Graph data: RDF. A graph is a list of relationships between things. This can any shape. This can be a bit more work to get your head around when coding, compared to the more limited structures, but utlimately it's more flexible.

Merging

RDF uses globally unique identifiers for everything; the things we're talking about, the relationships, datatypes. This means two RDF graphs can be merged and there's no danger of having any confusion, eg. one dataset has a 'pitch' value for the frequency of a sound, and another for the angle of a roof. Doesn't happen in RDF as it's unamibuous. Of course, that makes if far more verbose, but TANSTAAFL.

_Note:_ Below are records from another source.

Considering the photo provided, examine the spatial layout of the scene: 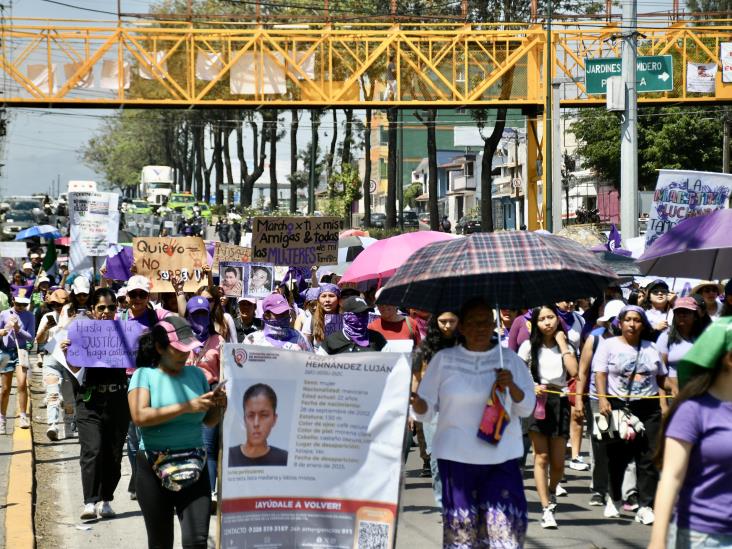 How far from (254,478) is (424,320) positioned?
580cm

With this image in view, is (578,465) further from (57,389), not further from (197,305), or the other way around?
(57,389)

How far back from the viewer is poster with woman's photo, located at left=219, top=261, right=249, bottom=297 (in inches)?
562

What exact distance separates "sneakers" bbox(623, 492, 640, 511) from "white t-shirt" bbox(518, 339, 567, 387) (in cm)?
101

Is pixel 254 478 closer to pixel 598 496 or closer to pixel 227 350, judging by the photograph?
pixel 227 350

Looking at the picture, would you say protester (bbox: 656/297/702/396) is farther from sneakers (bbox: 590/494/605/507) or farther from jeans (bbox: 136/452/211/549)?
jeans (bbox: 136/452/211/549)

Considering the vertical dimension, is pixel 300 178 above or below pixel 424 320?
above

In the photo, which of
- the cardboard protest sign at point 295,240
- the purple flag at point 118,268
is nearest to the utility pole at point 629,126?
the purple flag at point 118,268

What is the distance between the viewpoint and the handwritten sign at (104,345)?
30.3ft

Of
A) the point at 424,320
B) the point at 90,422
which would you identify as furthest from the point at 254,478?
the point at 424,320

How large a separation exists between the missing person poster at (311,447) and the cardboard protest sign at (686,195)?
8.03 meters

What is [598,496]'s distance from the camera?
10328mm

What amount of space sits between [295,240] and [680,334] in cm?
603

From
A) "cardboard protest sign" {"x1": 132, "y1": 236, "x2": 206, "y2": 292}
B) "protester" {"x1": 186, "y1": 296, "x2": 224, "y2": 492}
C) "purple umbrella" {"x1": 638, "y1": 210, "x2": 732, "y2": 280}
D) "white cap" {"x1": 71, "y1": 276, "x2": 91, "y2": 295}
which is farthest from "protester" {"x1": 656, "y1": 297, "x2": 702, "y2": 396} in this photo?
"cardboard protest sign" {"x1": 132, "y1": 236, "x2": 206, "y2": 292}

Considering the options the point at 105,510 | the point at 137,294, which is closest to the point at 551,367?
the point at 137,294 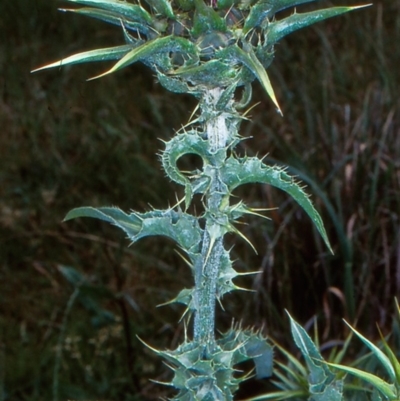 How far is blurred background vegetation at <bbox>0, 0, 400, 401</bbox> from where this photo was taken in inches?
127

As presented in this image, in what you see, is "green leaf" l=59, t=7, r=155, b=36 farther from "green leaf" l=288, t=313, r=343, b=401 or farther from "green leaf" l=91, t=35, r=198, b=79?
"green leaf" l=288, t=313, r=343, b=401

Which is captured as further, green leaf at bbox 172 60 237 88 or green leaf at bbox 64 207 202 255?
green leaf at bbox 64 207 202 255

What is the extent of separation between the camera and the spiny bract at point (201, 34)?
1.24 metres

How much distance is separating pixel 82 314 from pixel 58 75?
2336mm

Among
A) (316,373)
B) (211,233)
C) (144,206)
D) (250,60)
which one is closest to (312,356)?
(316,373)

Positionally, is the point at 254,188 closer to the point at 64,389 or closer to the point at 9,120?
the point at 64,389

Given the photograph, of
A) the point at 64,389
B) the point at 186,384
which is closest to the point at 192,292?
the point at 186,384

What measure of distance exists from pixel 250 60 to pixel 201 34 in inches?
4.7

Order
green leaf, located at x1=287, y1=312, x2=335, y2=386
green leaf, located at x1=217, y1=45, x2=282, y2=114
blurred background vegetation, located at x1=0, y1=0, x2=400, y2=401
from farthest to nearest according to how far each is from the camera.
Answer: blurred background vegetation, located at x1=0, y1=0, x2=400, y2=401 < green leaf, located at x1=287, y1=312, x2=335, y2=386 < green leaf, located at x1=217, y1=45, x2=282, y2=114

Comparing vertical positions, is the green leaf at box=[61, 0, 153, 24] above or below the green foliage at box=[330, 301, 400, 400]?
above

Because all RDF really is is a list of unambiguous relationships, you can combine two RDF graphs and just get a bigger list of relationships between things. No other formats in common use allow this.

Why don't we use it for everything?

It's just not suited for all cases. It's verbosity can be a point against it, as can the flexibility. More flexible means that there's a higher amount of cognitive load on understanding the data.

RDF Data

RDF & Triples

RDF is a way of structuring information to be very interoperable and extendable. The most simple unit of information is called a 'triple'. A triple consists of three parts;

  1. the ID of a thing,
  2. the ID of a property that relates that thing to another thing or a value
  3. the ID of the thing it relates to OR a value, like text, a number or date.

For example:

<Person23> <hasDateOfBirth> "1969-05-23" .
<Person23> <name> "Marvin Fenderson" .
<Person23> <memberOf> <Group003> .

The first thing is called the Subject'. The second is sometimes called a Predicate,Property or Relation, the last bit is the Object. If the last bit is a value rather than the ID of a thing it's called a Literal. ID's may represent absolutely anything, but we use web addresses for them. These are called URIs (note that URI and URL are slightly different. It can be confusing at first because http://webscience.org/person/6 refers to a person, not a webpage, but it's a very handy way to ensure that these IDs are globally unique.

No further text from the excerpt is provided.